Short on cash at the end of the year, Homepoint sold $6 billion of the company’s Ginnie Mae servicing rights during the fourth quarter, generating proceeds totaling $87.8 million.

But Homepoint said it would continue to manage mortgage servicing rights on a portfolio of more than 300,000 loans with an unpaid principal balance of $89.28 billion as of Dec. 31.

In reporting a $163.7 million 2022 net loss in March, Homepoint said loan servicing was a net positive, generating $277.5 million in revenue and boosting the company’s bottom line by $121.8 million after deducting fixed costs.

Mr. Cooper says it’s acquiring $84 billion in mortgage servicing rights, suggesting that Homepoint has sold about $5 billion in MSRs this year. In a recent regulatory filing, for example, Homepoint said it sold $1.5 billion in Ginnie Mae servicing rights on May 2 for $21.3 million.
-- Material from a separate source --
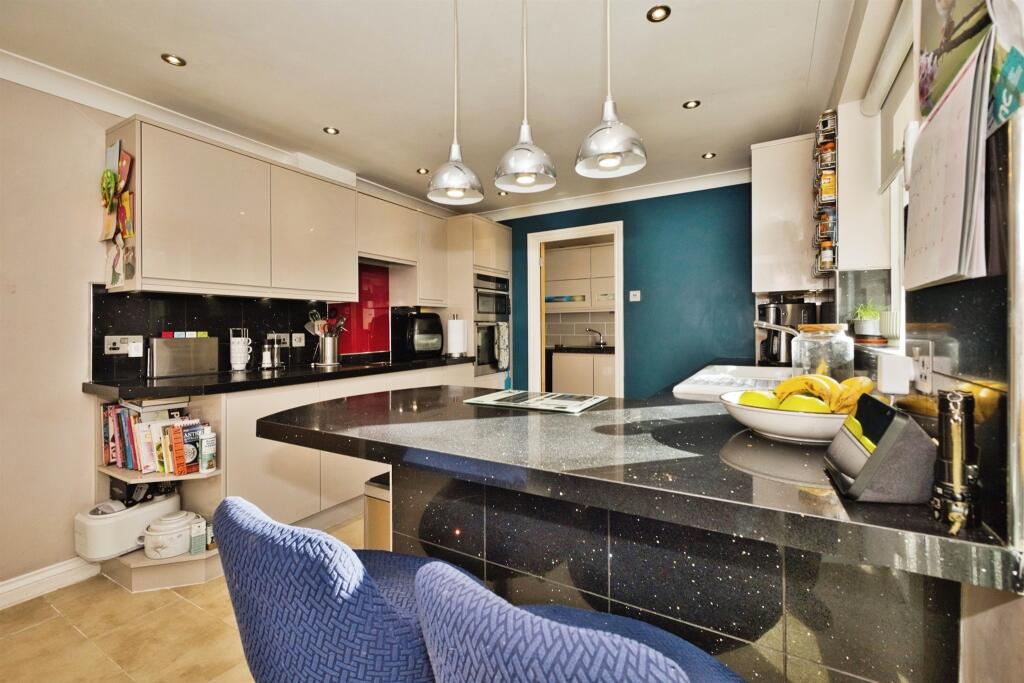 Additional image 6 of Ashwood Drive, YEOVIL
Loan servicing — collecting mortgage payments from homeowners on behalf of investors that own the loans — can be a profitable business, with servicers not only collecting fees based on the size of the loan but gaining the inside track on opportunities to refinance those loans when interest rates fall.

Dallas, Texas-based Mr. Cooper has been buying mortgage servicing rights (MSRs) from lenders, building an MSR portfolio that now exceeds $900 billion. Executives at the company say that economies of scale provide a competitive advantage over smaller loan servicers and lenders that service their own loans in-house.

Bray said last month that Mr. Cooper is looking to replace many call center workers with AI technology, a project that it expects will save it a least $50 million in expenses, as the company spends “several hundred million dollars a year” on call centers.

Kurt Johnson

“Thanks to our strong operations and technology, we have the capacity to onboard this portfolio, with a focus on ensuring a positive customer experience,” Mr. Cooper CFO Kurt Johnson said Wednesday of the deal to acquire Home Point.

Johnson said the 5 percent rate on the senior notes Mr. Cooper is assuming from Home Point “serve as a low-cost source of funding and contribute to an attractive rate of return on this transaction.”